* TASK DIRECTIONS:
Using the data that follows, return exactly the lines from the one that contains "Modern Silver Speakers 3D model" through the one that contains "mais motivada, enquanto", ends included.

* DATA TO EXAMINE:
···

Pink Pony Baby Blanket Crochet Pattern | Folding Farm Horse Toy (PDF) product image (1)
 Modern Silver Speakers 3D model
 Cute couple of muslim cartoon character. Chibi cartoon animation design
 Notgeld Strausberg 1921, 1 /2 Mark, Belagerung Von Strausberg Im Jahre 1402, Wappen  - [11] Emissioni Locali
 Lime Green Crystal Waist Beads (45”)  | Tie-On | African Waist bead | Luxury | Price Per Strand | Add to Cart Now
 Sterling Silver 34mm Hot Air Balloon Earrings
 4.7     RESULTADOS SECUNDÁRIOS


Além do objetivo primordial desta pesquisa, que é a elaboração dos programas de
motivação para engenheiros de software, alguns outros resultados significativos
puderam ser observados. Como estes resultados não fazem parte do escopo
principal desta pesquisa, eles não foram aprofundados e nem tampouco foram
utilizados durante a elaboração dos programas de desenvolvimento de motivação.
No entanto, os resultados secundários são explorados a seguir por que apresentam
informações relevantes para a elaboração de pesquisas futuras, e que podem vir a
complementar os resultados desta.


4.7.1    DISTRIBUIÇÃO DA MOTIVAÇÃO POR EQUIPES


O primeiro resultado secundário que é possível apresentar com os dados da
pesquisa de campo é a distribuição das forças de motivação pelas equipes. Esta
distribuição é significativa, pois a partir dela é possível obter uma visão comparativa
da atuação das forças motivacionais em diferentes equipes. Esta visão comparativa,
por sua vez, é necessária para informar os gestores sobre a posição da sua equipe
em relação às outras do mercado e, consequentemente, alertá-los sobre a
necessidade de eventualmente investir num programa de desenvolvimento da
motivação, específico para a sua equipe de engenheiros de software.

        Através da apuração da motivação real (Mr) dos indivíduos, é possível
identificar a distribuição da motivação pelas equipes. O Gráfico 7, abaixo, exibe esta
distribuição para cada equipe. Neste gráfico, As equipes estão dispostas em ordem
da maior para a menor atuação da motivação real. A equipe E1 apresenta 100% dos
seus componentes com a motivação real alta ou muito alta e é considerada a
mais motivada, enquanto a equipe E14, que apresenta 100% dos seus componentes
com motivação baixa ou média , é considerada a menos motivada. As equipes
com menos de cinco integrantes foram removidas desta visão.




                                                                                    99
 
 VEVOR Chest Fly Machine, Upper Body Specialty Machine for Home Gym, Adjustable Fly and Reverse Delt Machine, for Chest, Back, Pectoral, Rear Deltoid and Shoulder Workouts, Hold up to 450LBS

···

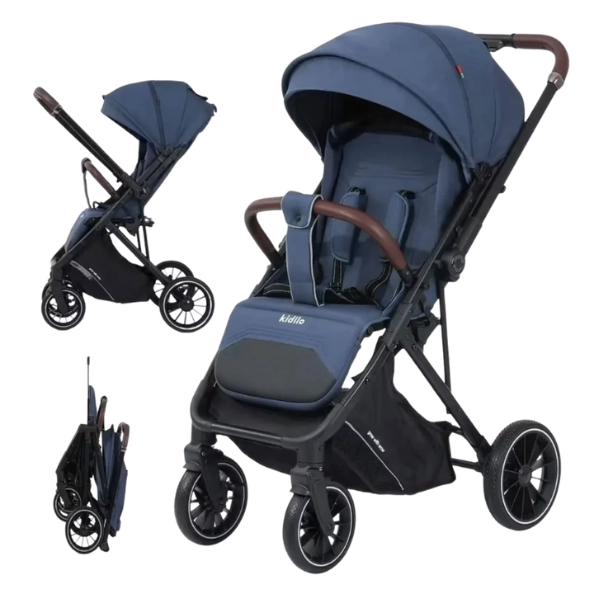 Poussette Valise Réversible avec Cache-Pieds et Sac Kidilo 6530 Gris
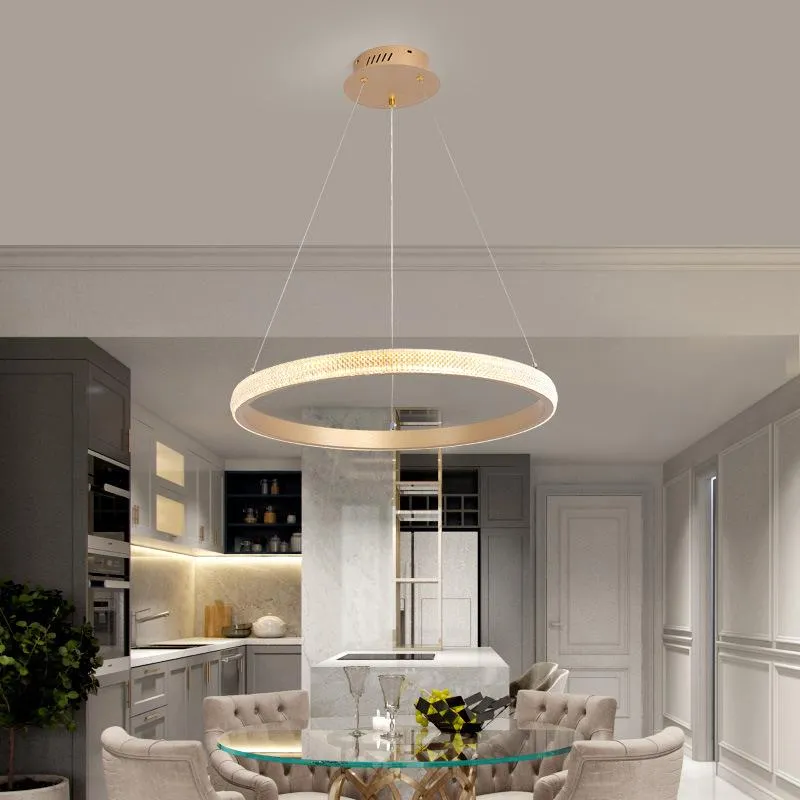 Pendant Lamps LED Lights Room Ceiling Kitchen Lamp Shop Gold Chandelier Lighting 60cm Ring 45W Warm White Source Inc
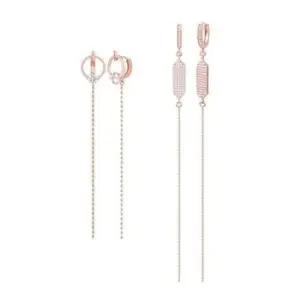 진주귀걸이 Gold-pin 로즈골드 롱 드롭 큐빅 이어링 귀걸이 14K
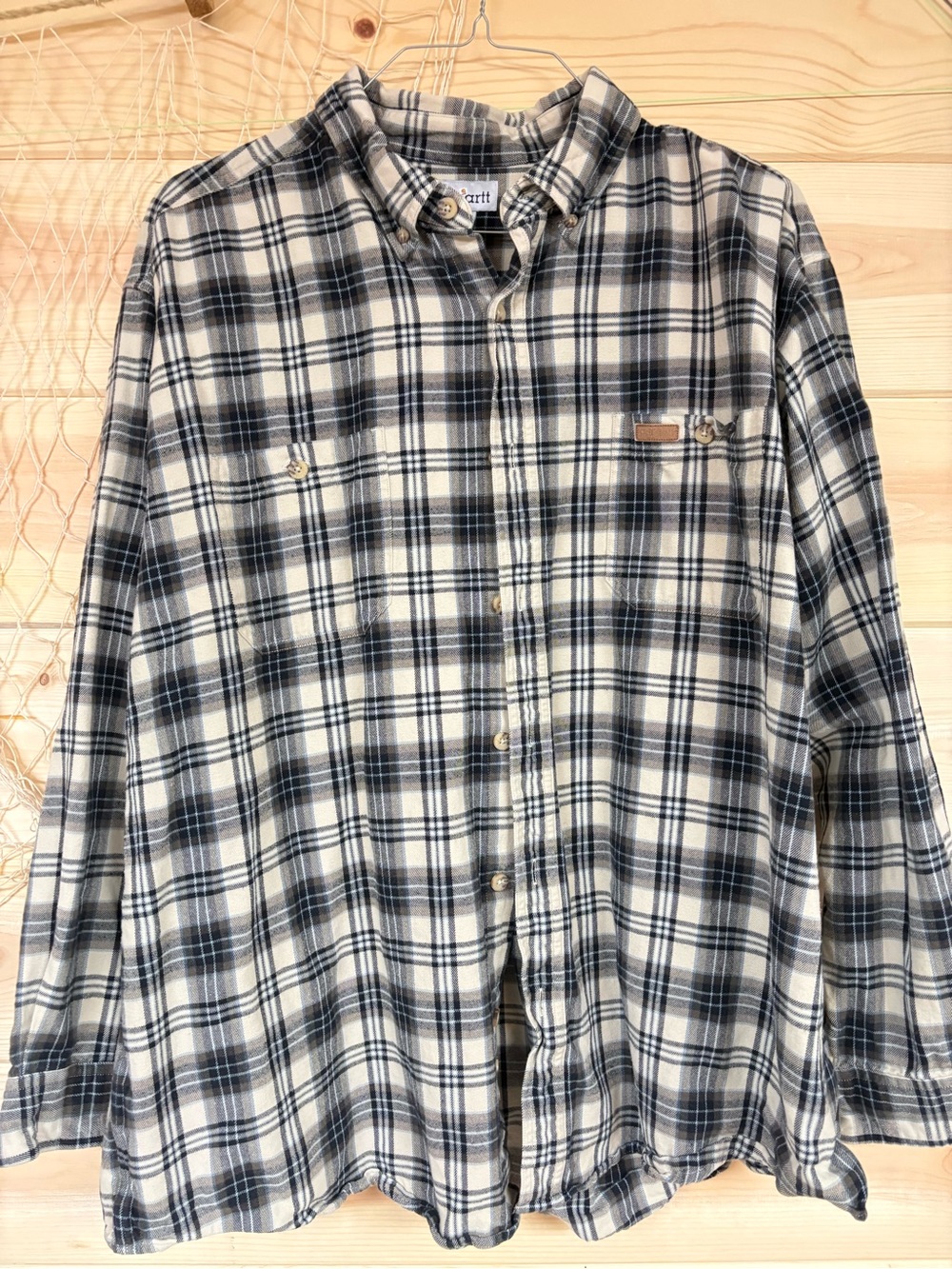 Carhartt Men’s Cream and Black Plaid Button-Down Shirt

···

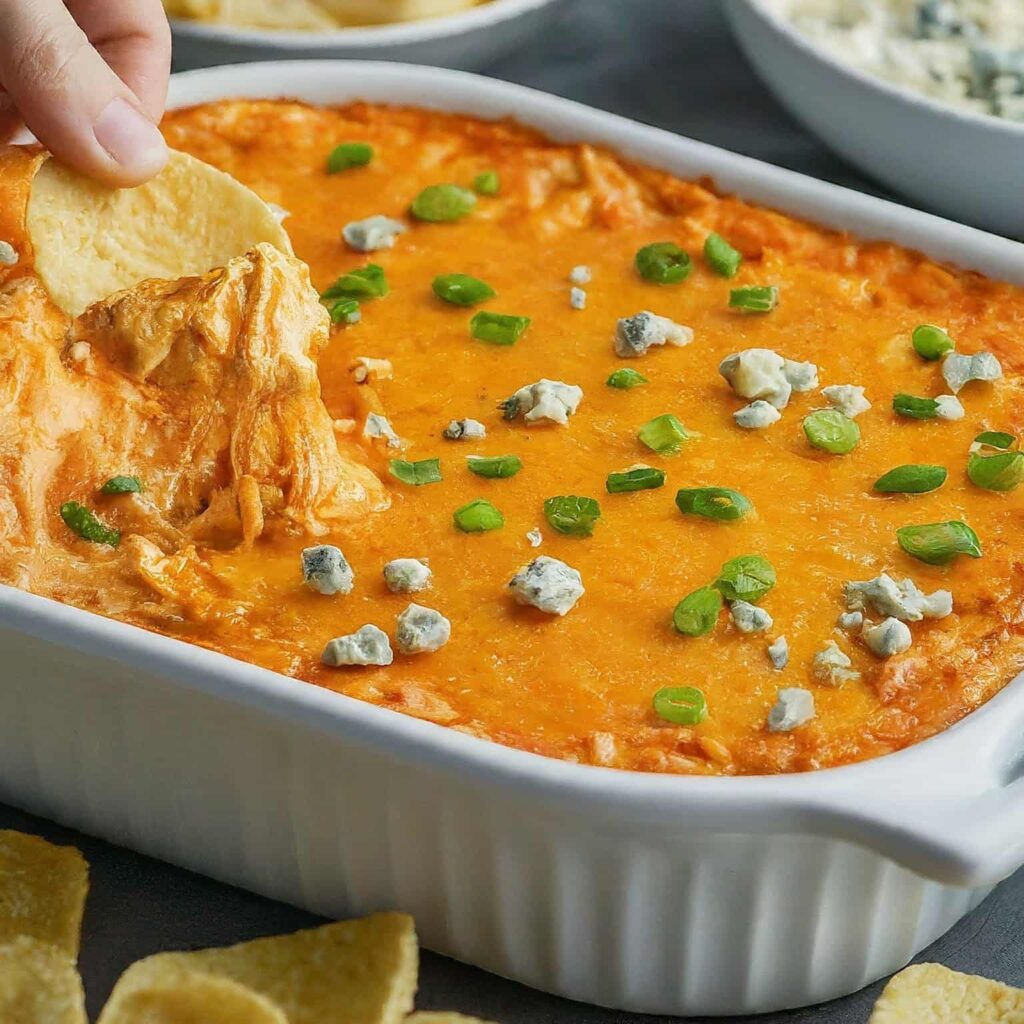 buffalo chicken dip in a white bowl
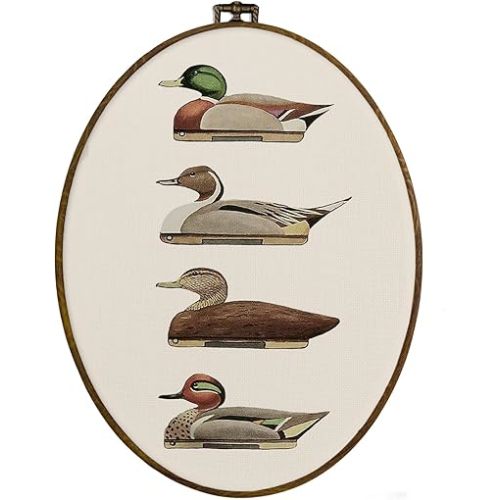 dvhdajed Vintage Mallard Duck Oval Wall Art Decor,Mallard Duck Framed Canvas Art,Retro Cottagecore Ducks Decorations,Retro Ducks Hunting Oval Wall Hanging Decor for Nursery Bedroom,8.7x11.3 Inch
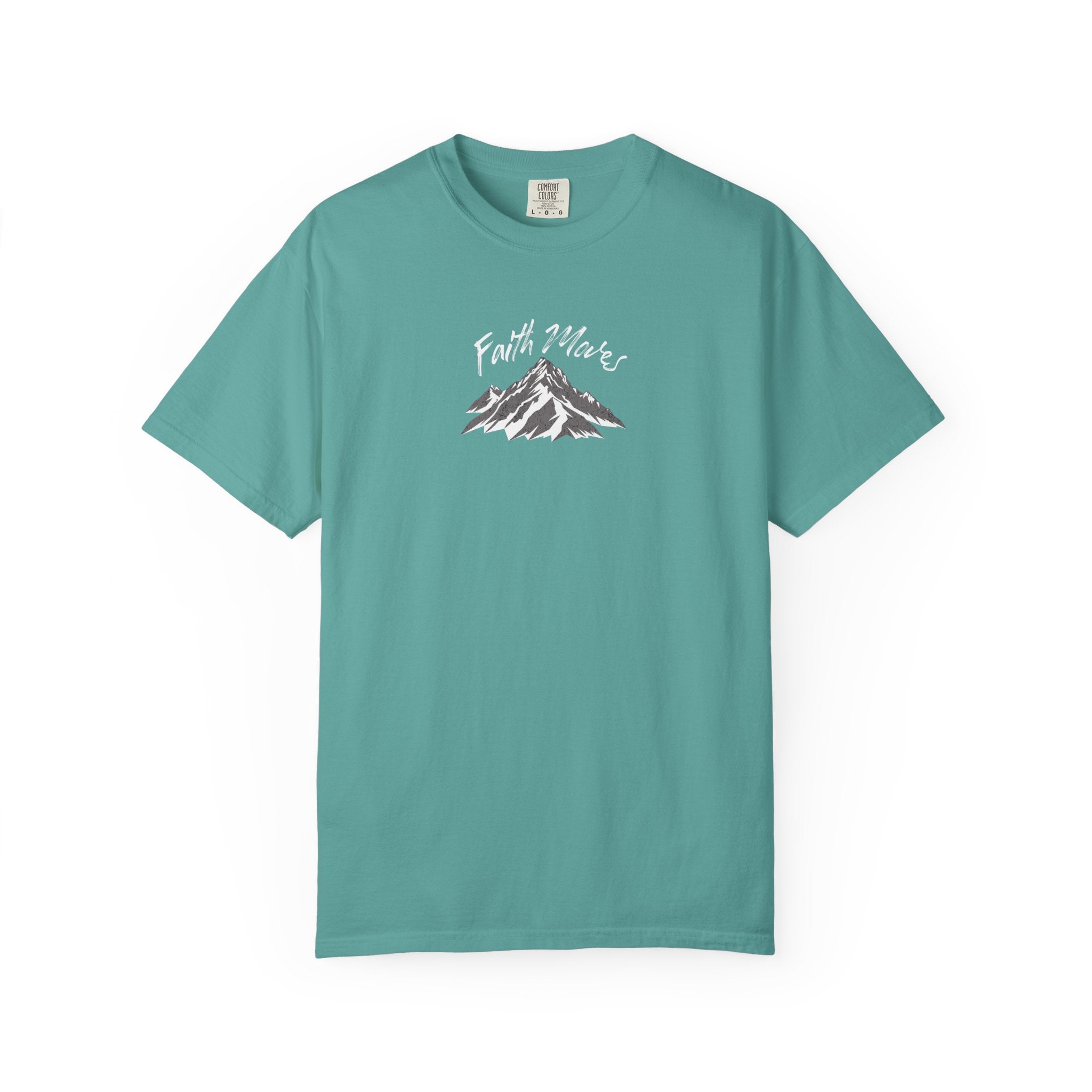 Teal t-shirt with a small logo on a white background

···

* WRITTEN SOLUTION:
 Modern Silver Speakers 3D model
 Cute couple of muslim cartoon character. Chibi cartoon animation design
 Notgeld Strausberg 1921, 1 /2 Mark, Belagerung Von Strausberg Im Jahre 1402, Wappen  - [11] Emissioni Locali
 Lime Green Crystal Waist Beads (45”)  | Tie-On | African Waist bead | Luxury | Price Per Strand | Add to Cart Now
 Sterling Silver 34mm Hot Air Balloon Earrings
 4.7     RESULTADOS SECUNDÁRIOS


Além do objetivo primordial desta pesquisa, que é a elaboração dos programas de
motivação para engenheiros de software, alguns outros resultados significativos
puderam ser observados. Como estes resultados não fazem parte do escopo
principal desta pesquisa, eles não foram aprofundados e nem tampouco foram
utilizados durante a elaboração dos programas de desenvolvimento de motivação.
No entanto, os resultados secundários são explorados a seguir por que apresentam
informações relevantes para a elaboração de pesquisas futuras, e que podem vir a
complementar os resultados desta.


4.7.1    DISTRIBUIÇÃO DA MOTIVAÇÃO POR EQUIPES


O primeiro resultado secundário que é possível apresentar com os dados da
pesquisa de campo é a distribuição das forças de motivação pelas equipes. Esta
distribuição é significativa, pois a partir dela é possível obter uma visão comparativa
da atuação das forças motivacionais em diferentes equipes. Esta visão comparativa,
por sua vez, é necessária para informar os gestores sobre a posição da sua equipe
em relação às outras do mercado e, consequentemente, alertá-los sobre a
necessidade de eventualmente investir num programa de desenvolvimento da
motivação, específico para a sua equipe de engenheiros de software.

        Através da apuração da motivação real (Mr) dos indivíduos, é possível
identificar a distribuição da motivação pelas equipes. O Gráfico 7, abaixo, exibe esta
distribuição para cada equipe. Neste gráfico, As equipes estão dispostas em ordem
da maior para a menor atuação da motivação real. A equipe E1 apresenta 100% dos
seus componentes com a motivação real alta ou muito alta e é considerada a
mais motivada, enquanto a equipe E14, que apresenta 100% dos seus componentes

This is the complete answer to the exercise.